Friday 28 May 2010

Waiting for the Karnival

1. Jeg er færdig (i am done) with my semestral project.
2. Perfect song (well, just for the title, and the scandinavian sound) before the famouz Aalborg Karnival. I got the album Life from the Cardigans when I was 13. It was my brother's Christmas present. Ja, I was already a scandinavian fan.



3. So, in this moody lazy afternoon people are busy thinking about their crazy costumes for the parade, while I have found the topic of my Master thesis.
Months ahead yeah, maybe because i have someone close who keeps on saying that one needs to plan...well, I definitely got the Danish-planner way now.
So i'm going to write about a city (maybe Kbh?) and the relation with the musical scene and the impact on its identity. Something within the area called Urban Studies, i guess.
While looking for some literature i have found this American guy who's really into cities :)
He claims that in a globalized world, the place where one decides to live is more and more important. The book is Who's your city? by Richard Florida. I'm curious to read it.
In the meanwhile though, I did a test I've found on his website. The results are not exactely encouraging for me and my future déplacement, but the cities I've considered are quite different in size and they are in different country! So the outcome was fairly obvious. But, somehow it can help having an idea, in particular, if the cities are in the same country, and differences are not due to culture.

E.

Sunday 23 May 2010

SPOT festival

Just back from a weekend in Aarhus full of concerts and music.
For the moment just a bite of an Icelandic band that offered an amazing gig. The audience was crazy about them, forty minutes of dancing and jumping. Later, leaving the concert hall and heading some other scenes, everybody was just singing this melody.
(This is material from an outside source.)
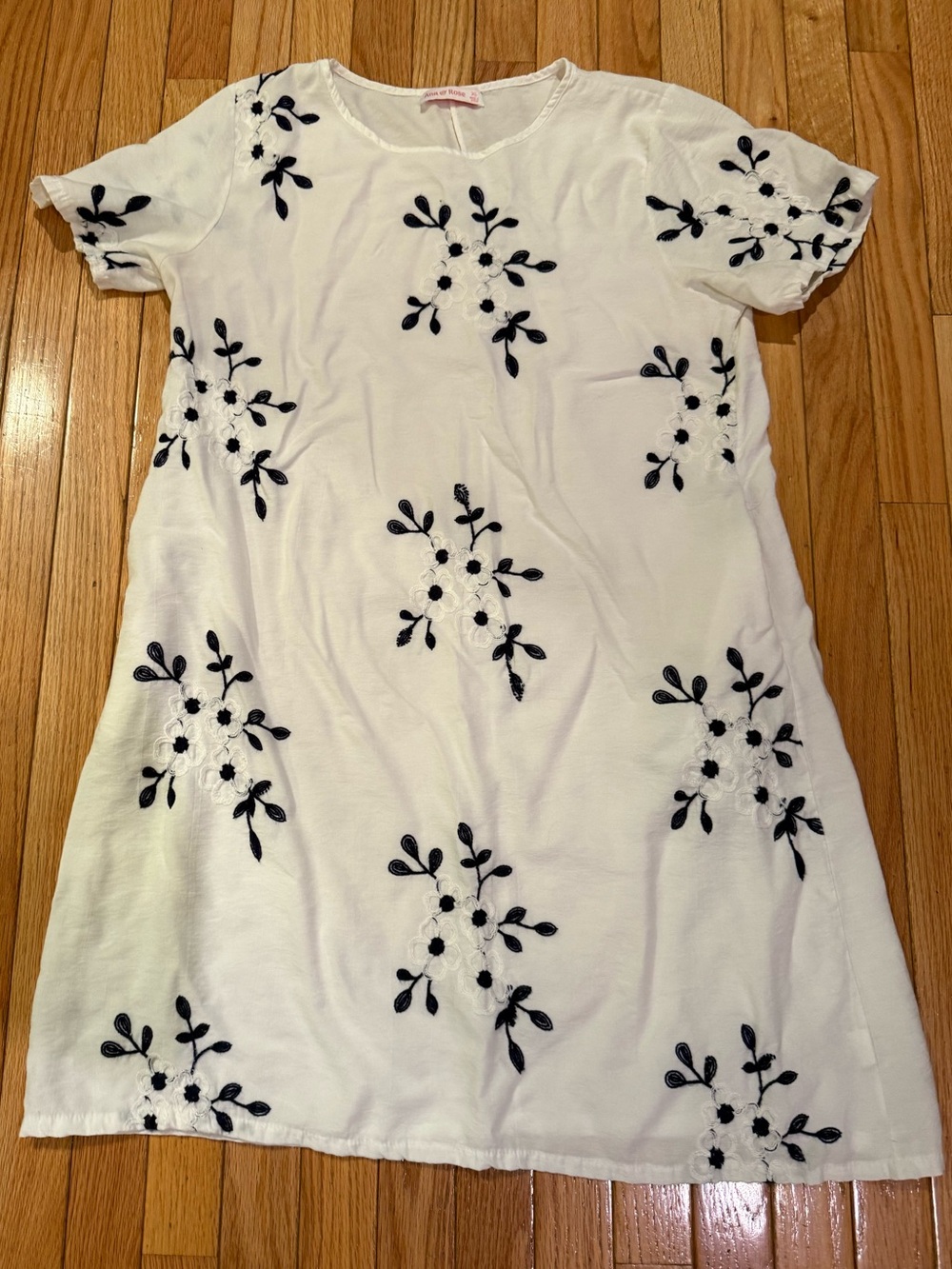 White Dogwood Embroidered Short Sleeve Shift Dress - Black Floral Motif Pockets - Picture 2 of 5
Frankly, it took me sometime to get rid of it in my head as well.

I wish i had a house in the Carrabean

Væresgo!




E.

Thursday 20 May 2010

Why that is a hopeless country

Now I know why Italy is a country in decline.
Besides mafia, corruption, nepotism and castes there's another thing, which is bringing us down. And this one really belongs to ALL Italians. It's the fascination for the power. Every single person with a tiny bit of power tends to put oneself to a higher level and to consider the others as subordinated. It doesn't matter how uninfluent they are on a bigger scale, if one people can somehow show that he's the one with the power, be sure that he will make you know, in someway. So, you're the one who has to ask, kindly ask, always, even when it's you offering something to them. It's exactly the way it goes during a job interview: you're not a resource, it's you the one who needs them, so hiring you it's just a favour they are doing to you. While it's ***** the other way around. That is why our country is all messed up, and young people run away from there. Meritocracy or not, the thing is that everybody is so full of oneself, that, even if he doesn't count anything, he can't see anything good besides oneself.
Italy is working so upside down that employers make you feel grateful because they offered you a not-paid internship!!! The problem is that until you don't go abroad and you see how's the rest of the world going, you really feel happy for the free job you got!
So i am still here, in this cold and drunk country. Where people are maybe a bit rough, with no fine tastes in kitchen or clothes, but well, who cares? Here my job is appreciated, but first of all, i don't have to sell my dignity to get one.

E.

Monday 17 May 2010

Sunday 16 May 2010

You used to be my...

Yesterday i was attending the party of a friend. The kind of party where everybody is very drunk, and you're way behind them, so you can't fit in there, and you don't even rush to get their high alcoholic level. So i was just sitting on the floor talking with some friends when the computer played a song. I knew it, it was quite a radio hit, but i did not remember the band. It sounded like summer, an old summer. I thought i was a teeneger, right in the middle of that age, when you're so tasteless. I wouldn't say it is a good song, but for those three minutes some nostalgic feelings came to my mind. And i liked it.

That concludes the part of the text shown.